The data
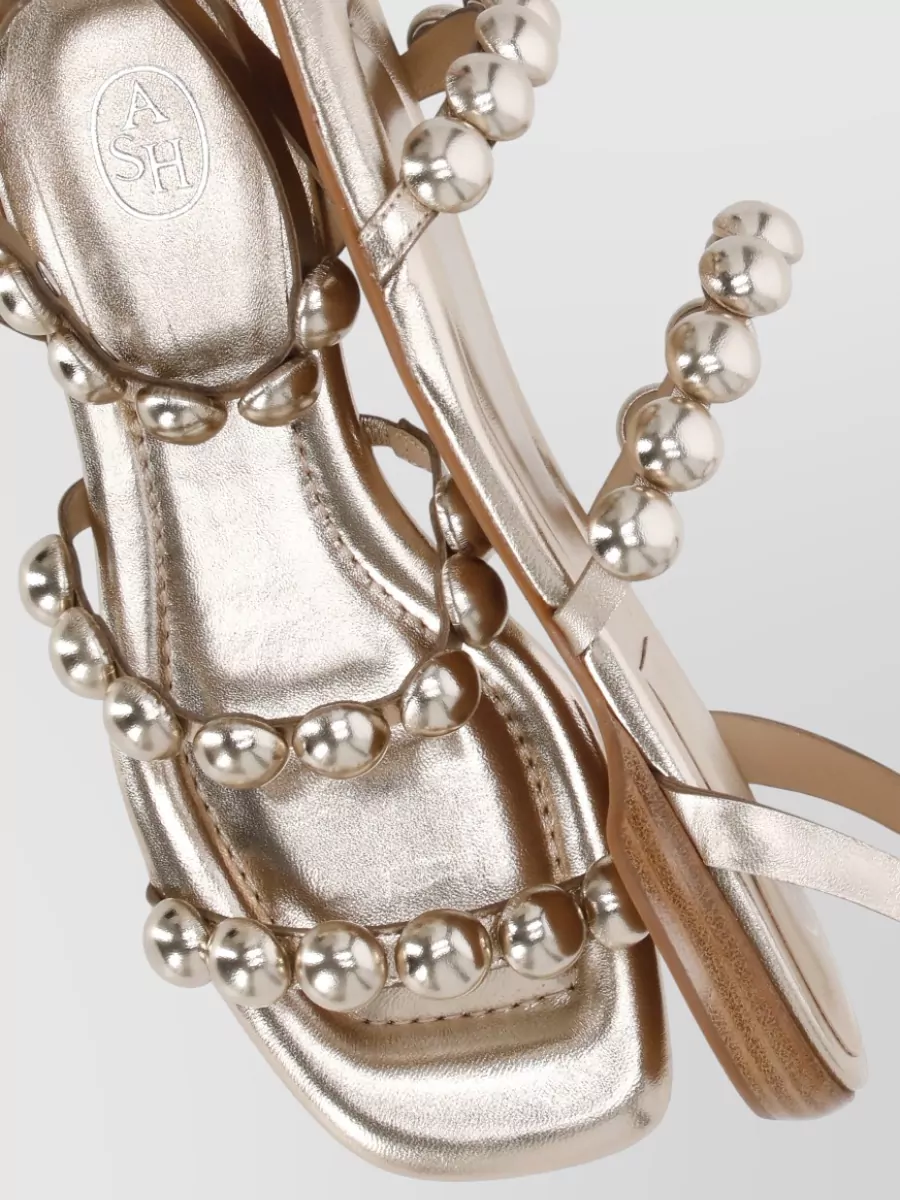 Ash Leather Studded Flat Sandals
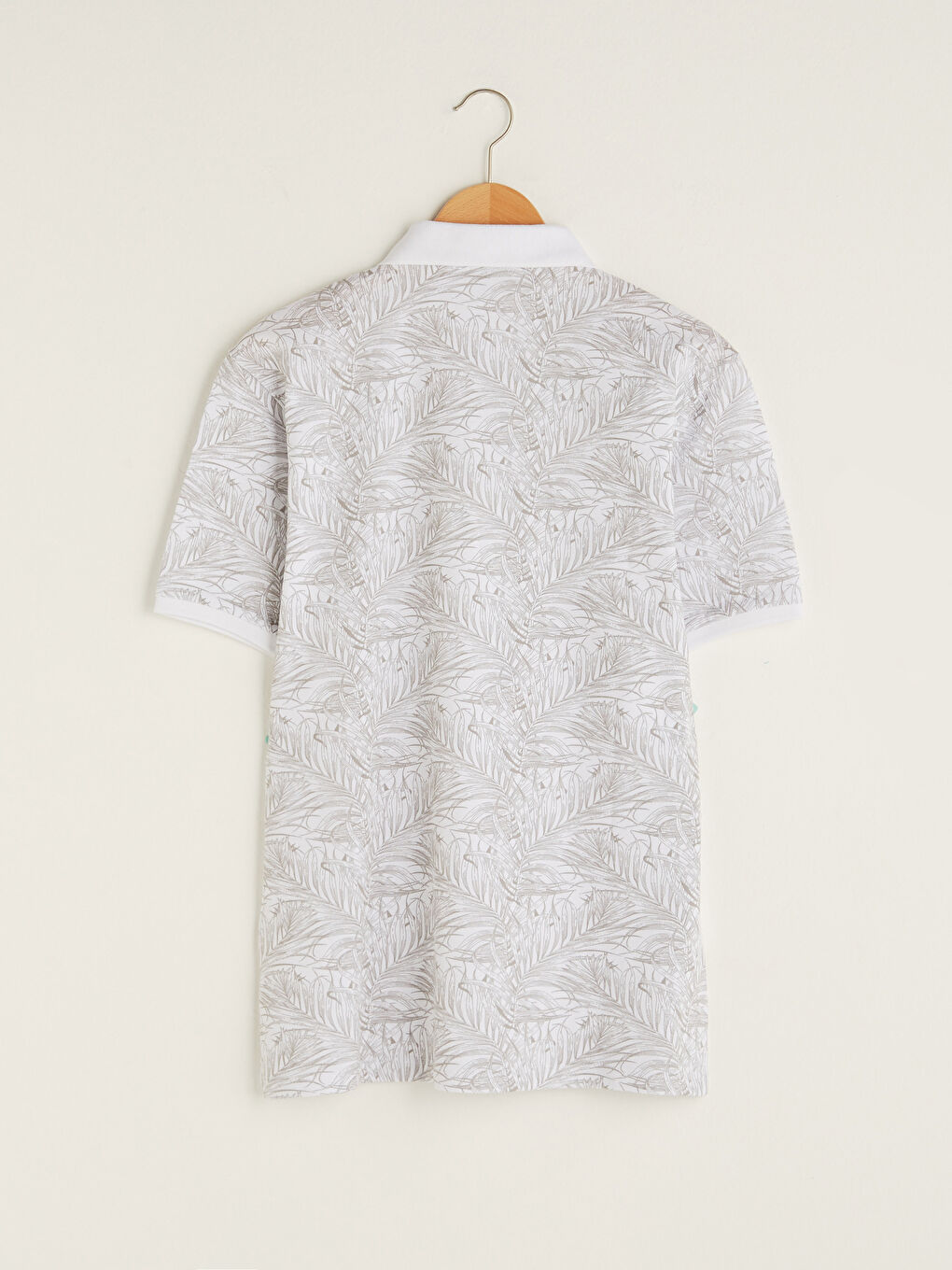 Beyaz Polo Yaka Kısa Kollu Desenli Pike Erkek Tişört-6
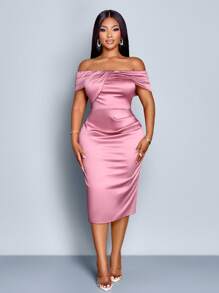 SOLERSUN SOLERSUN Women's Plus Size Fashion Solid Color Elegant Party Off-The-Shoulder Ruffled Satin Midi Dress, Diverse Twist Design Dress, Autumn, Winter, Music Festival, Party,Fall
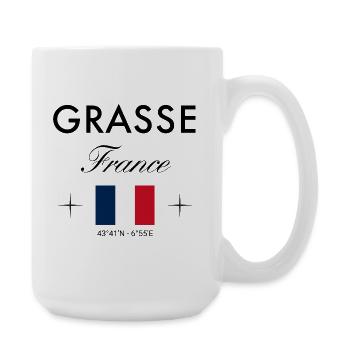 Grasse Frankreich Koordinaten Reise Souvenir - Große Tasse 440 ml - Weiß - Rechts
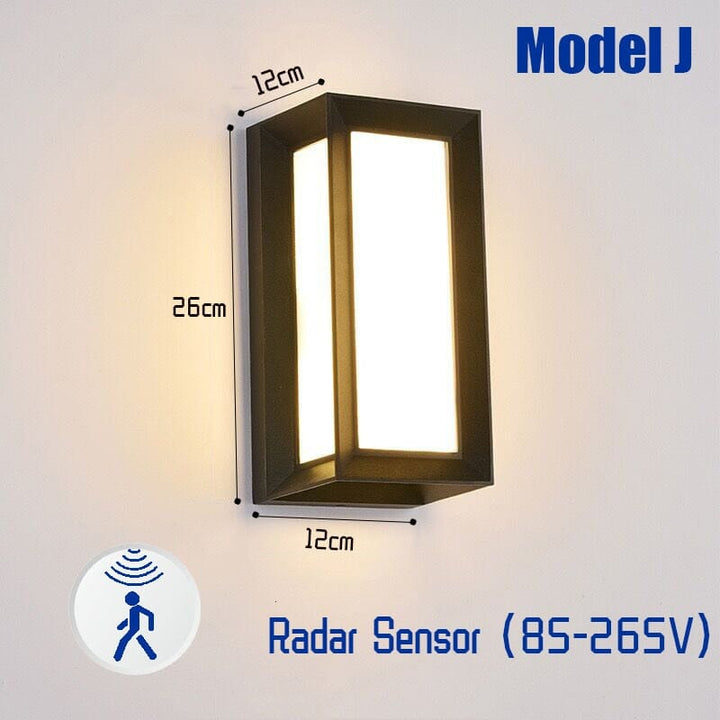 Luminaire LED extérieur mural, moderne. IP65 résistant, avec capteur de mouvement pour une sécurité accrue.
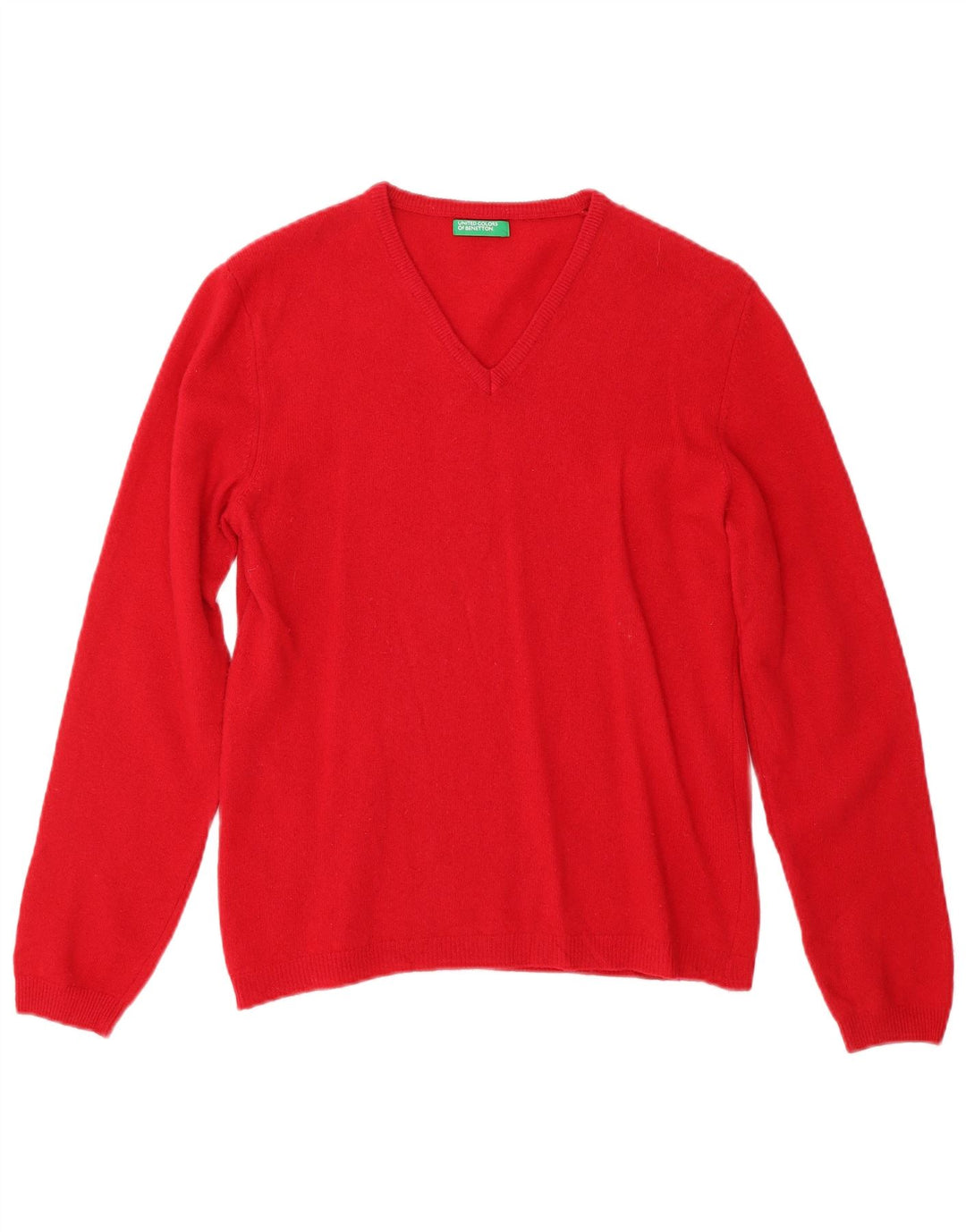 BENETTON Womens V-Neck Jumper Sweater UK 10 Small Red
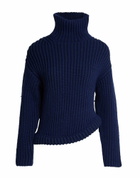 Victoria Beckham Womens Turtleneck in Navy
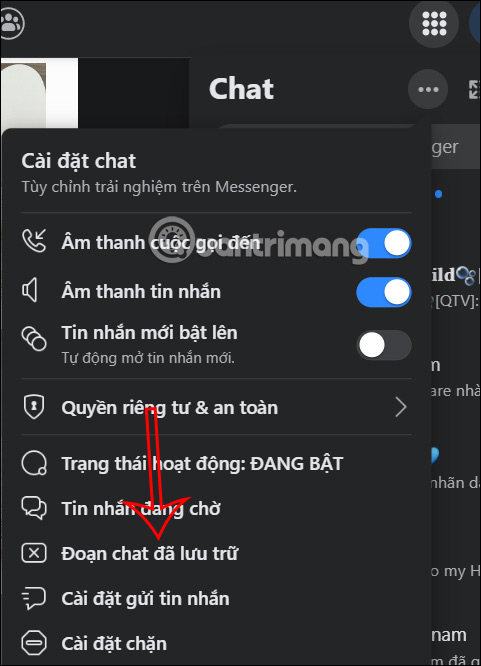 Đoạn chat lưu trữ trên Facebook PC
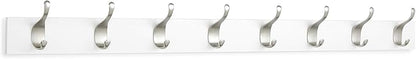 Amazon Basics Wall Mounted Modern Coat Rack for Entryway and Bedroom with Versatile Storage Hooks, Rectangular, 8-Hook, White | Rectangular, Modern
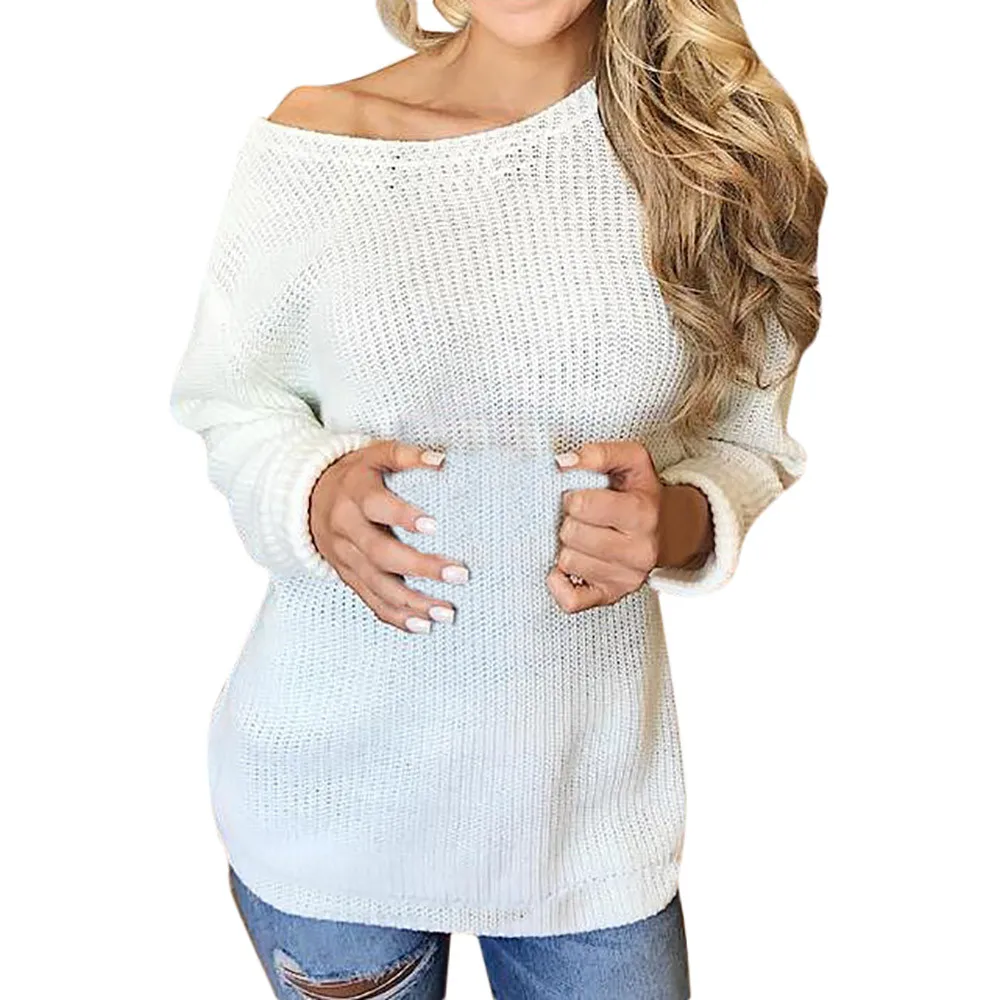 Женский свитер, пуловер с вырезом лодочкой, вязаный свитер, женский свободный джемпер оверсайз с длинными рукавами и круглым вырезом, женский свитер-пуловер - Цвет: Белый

Task statement
Repeat only the lines from the one holding "Victoria Beckham Womens Turtleneck in Navy" through the last line of the data, inclusive. Keep the pictures out.

Response to this task
 Victoria Beckham Womens Turtleneck in Navy
 Đoạn chat lưu trữ trên Facebook PC
 Amazon Basics Wall Mounted Modern Coat Rack for Entryway and Bedroom with Versatile Storage Hooks, Rectangular, 8-Hook, White | Rectangular, Modern
 Женский свитер, пуловер с вырезом лодочкой, вязаный свитер, женский свободный джемпер оверсайз с длинными рукавами и круглым вырезом, женский свитер-пуловер - Цвет: Белый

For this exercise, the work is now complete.